Some years ago, I had the privilege of hearing a Christian minister of Middle Eastern origin discuss the New Testament parables from an Arab cultural perspective.  He spent considerable time discussing the parable of the prodigal son, pointing out details that would have been meaningful to those hearing it at the time and that we who are not schooled in Middle East culture miss entirely.  And what depth those details add!  One detail that relates to today’s incident in Baghdad comes in the description of the father as he goes out to meet his returning son.  He doesn’t walk sedately, as befits a man of some social stature within a traditional community.  No, he runs to meet his son, his robe flapping about his ankles.  And not only does he expose his ankles, but he throws all custom and mores to the wind in his eagerness and allows the soles of his feet to show as he runs.  What a powerful demonstration of unconditional love!

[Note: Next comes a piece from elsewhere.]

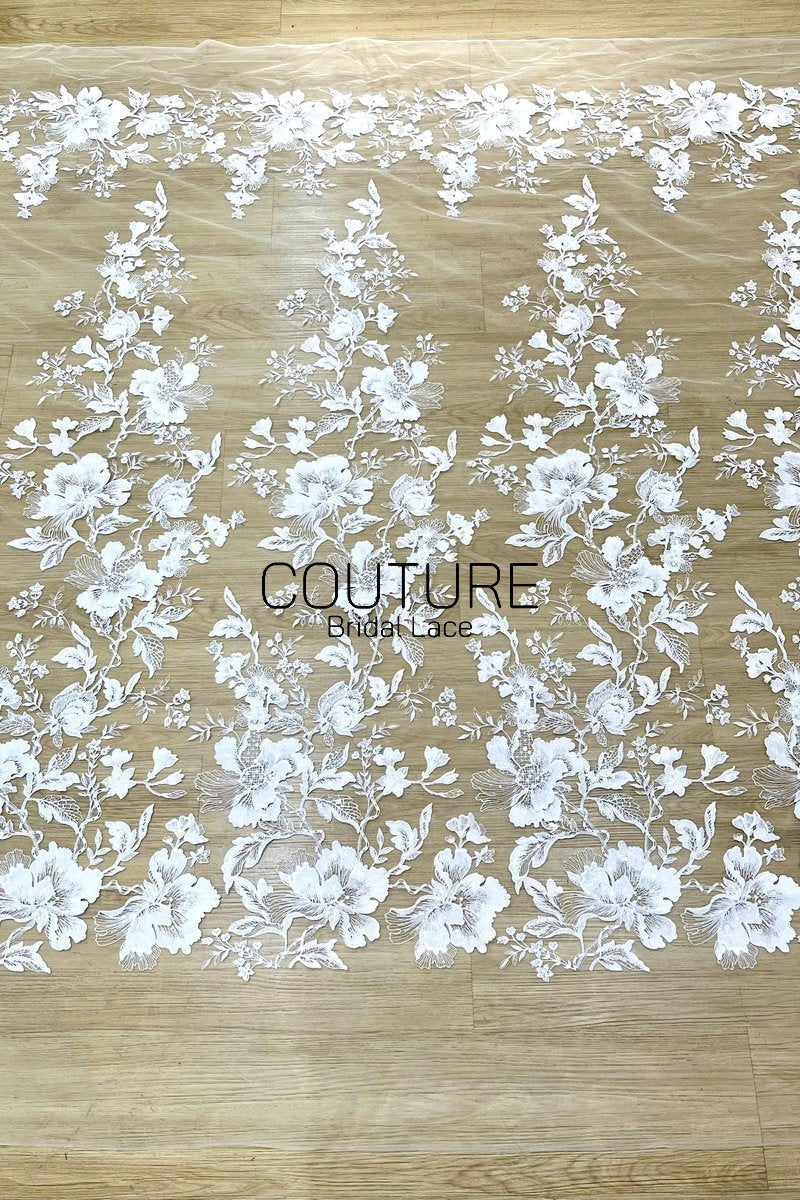 Floral Lace: Dense Allover Floral with Scalloped Border, 3 Meters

I cannot help but wonder at how much else we miss by not understanding other cultures and the various nuances that are part and parcel of the myriad ways in which we communicate.  It’s said that well over half of all communication is done without benefit of words — written or spoken.  Some cultures use gestures far more often when speaking.  Eye position is also culturally determined — eye contact can convey a degree of intimacy that is inappropriate beyond close relatives. If you happened to see the interview of Fareed Zakaria interviewing Queen Rania of Jordan, you might have noticed that she looked at him briefly at the beginning of each response, then looked away.  I was aware that the “personal space” bubble is smaller among Arabs than it is among Americans, and that one finds Arab acquaintances standing closer together in conversation than do most Americans.

I recall an occasion when I was chatting with a young Lebanese man while I was in grad school.  I became aware that we were in constant motion — me backing away a step as he came closer so that an observer might have described our motions as a sort of dance.  Realizing that two different sized personal space bubbles were colliding, I decided to stand my ground.  My sense of discomfort was intense, and this was a person that I found very likeable and with whom I’d had many long conversations sitting in the cafeteria over coffee!  As our conversation continued, my discomfort eased, largely because I was aware of what was causing it.  I don’t know if he was aware either of our “dance” or of the fact that I had chosen to accommodate to his comfort level initially at the cost of my own.  But I can’t help but think that if my awareness and decision allowed us to continue our conversation, being aware of cultural nuances and making accommodations to them would facilitate communication between our nation and others.